Cluster computing

Tuesday, February 26, 2019

We continue with the discussion on ledger parser
Checks and balances need to be performed as well by some readers. The entries may become spurious and there are ways a ghost entry can be made. Therefore, there is some trade-off in deciding whether the readers or the writers or both do the cleanup work.
The trouble with cleanup is that it requires modifications to the ledger and while they can be done independently by designated agents, they don’t give as much confidence as when they came from the source of the truth as the online writer. Since cleanup is a read-write task, it involves some form of writer.
If all the writes were uniform and clean entries, it does away with the need for designated agents and their lags and delays. At this end of the writer only solution, we have traded-off performance. At the other end of high-performance online writing, we are introducing all kinds of background processors, stages and cascading complexity in analysis.

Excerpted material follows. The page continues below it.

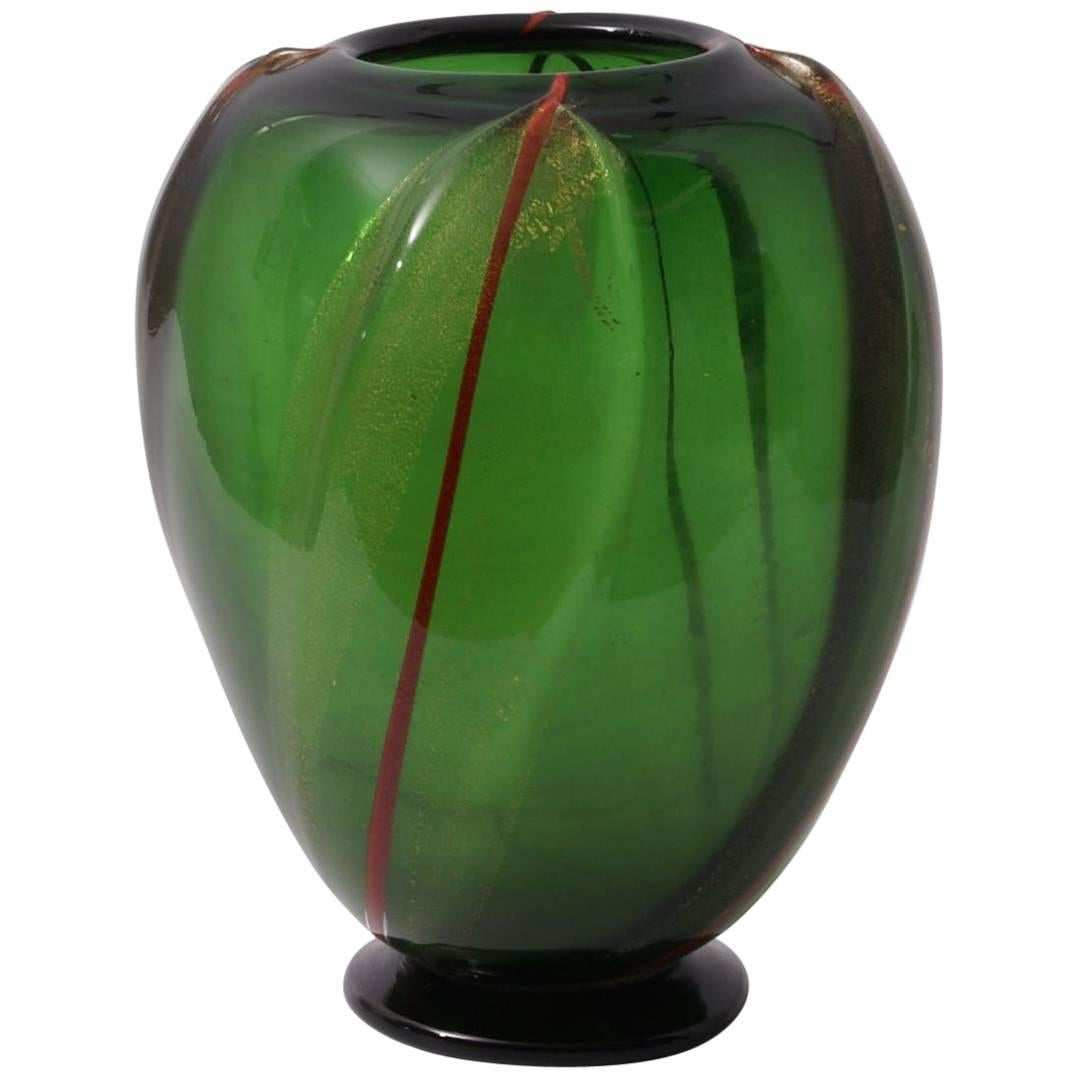 Art Deco Murano Glass Vase by S.A.I.A.R. Ferro Toso For Sale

The savvy online writer may choose to use partitioned ledgers for clean and accurate differentiated entries or quick translations to uniform-entries by piggy-backing the information on the transactions where it can keep a trace of entries for that transaction. The cleaner the data, the simpler the solution for downstream systems.

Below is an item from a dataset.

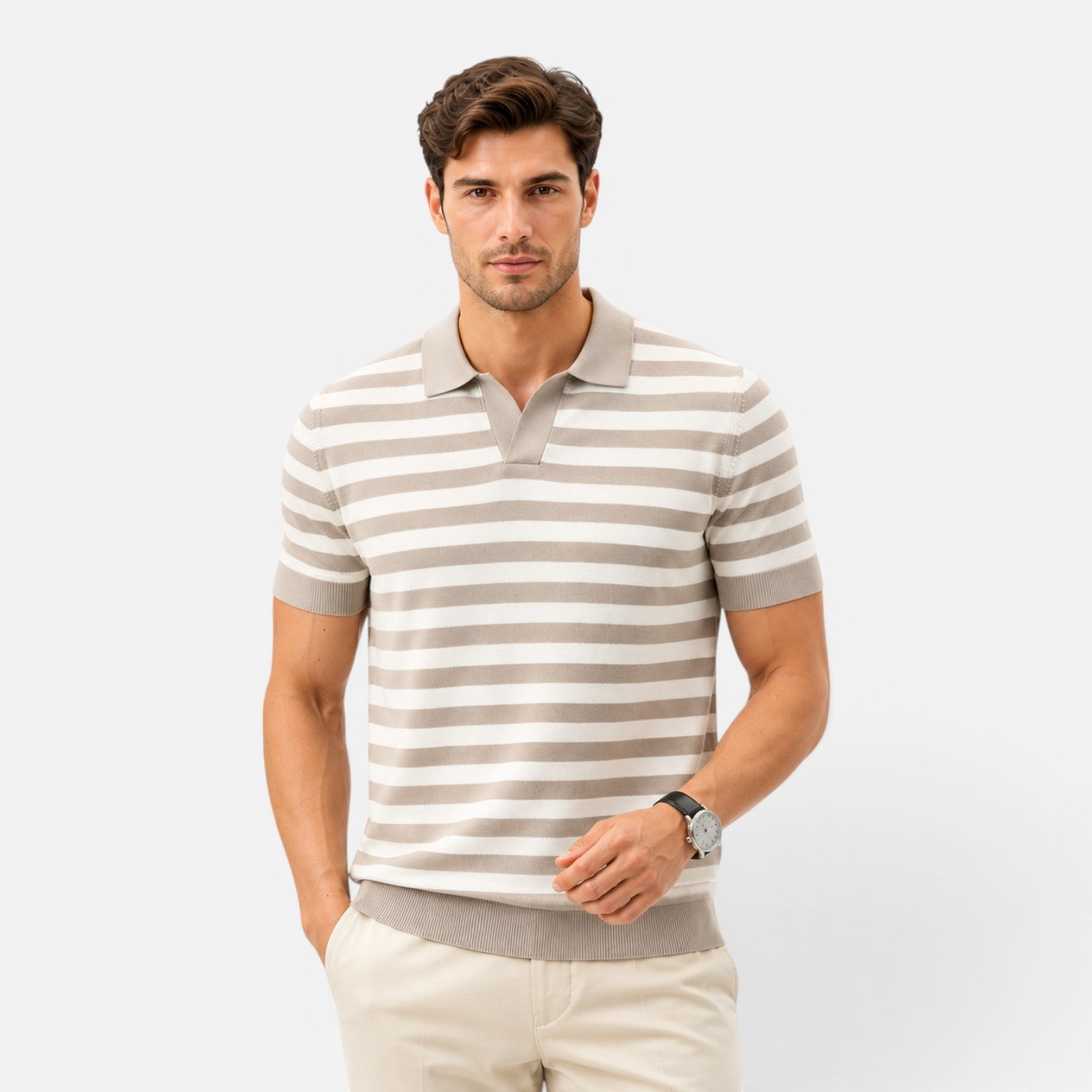 Men's Slim Fit Striped Polo Shirt - Soft Cotton Summer Casual Wear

The elapsed time for analysis is the sum of whole. Therefore, all lags and delays from background operations are included. The streamlining of analysis operations requires data to be clean so that the analysis operations are read only transactions themselves.
If the operations themselves contribute to delays, the streamlining of operations for the overall analysis requires the use of persisting results from these operations where the input does not change. Then the operations need not be run each time and the results can be re-used for other queries. If the stages are sequential, the overall analysis becomes streamlined.

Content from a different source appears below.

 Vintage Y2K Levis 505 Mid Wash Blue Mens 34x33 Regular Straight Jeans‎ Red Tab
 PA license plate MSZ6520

Unfortunately, the data from users cannot be confined to a size. Passing the results from one stage to another breaks down when there is a large amount of data to be processed in that stage and sequential processing does not scale. In such cases, partial results retrieved earlier help enable downstream systems to have something meaningful to do. Often, this is adequate even if all the data has not been processed.

Monday, February 25, 2019

Ledger Parser
Bookkeeping is an essential routine in software computing. A ledger facilitates book-keeping between components. The ledger may have entries that are written by one component and read by another. The syntax and semantics of the writes need to be the same for the reads. However, the writer and the reader may have very different loads and capabilities. Consequently, some short-hand may sneak into the writing and some parsing may be required on the reading side.
When the writer is busy, it takes extra effort to massage the data with calculations to come up with concise and informative entries. This is evident in the cases when the writes are part of online activities that the business depend on. On the other hand, it is easier for the reader to take the chores of translations and routines that are expensive because the reads are usually for analysis which do not have to impact online transactions.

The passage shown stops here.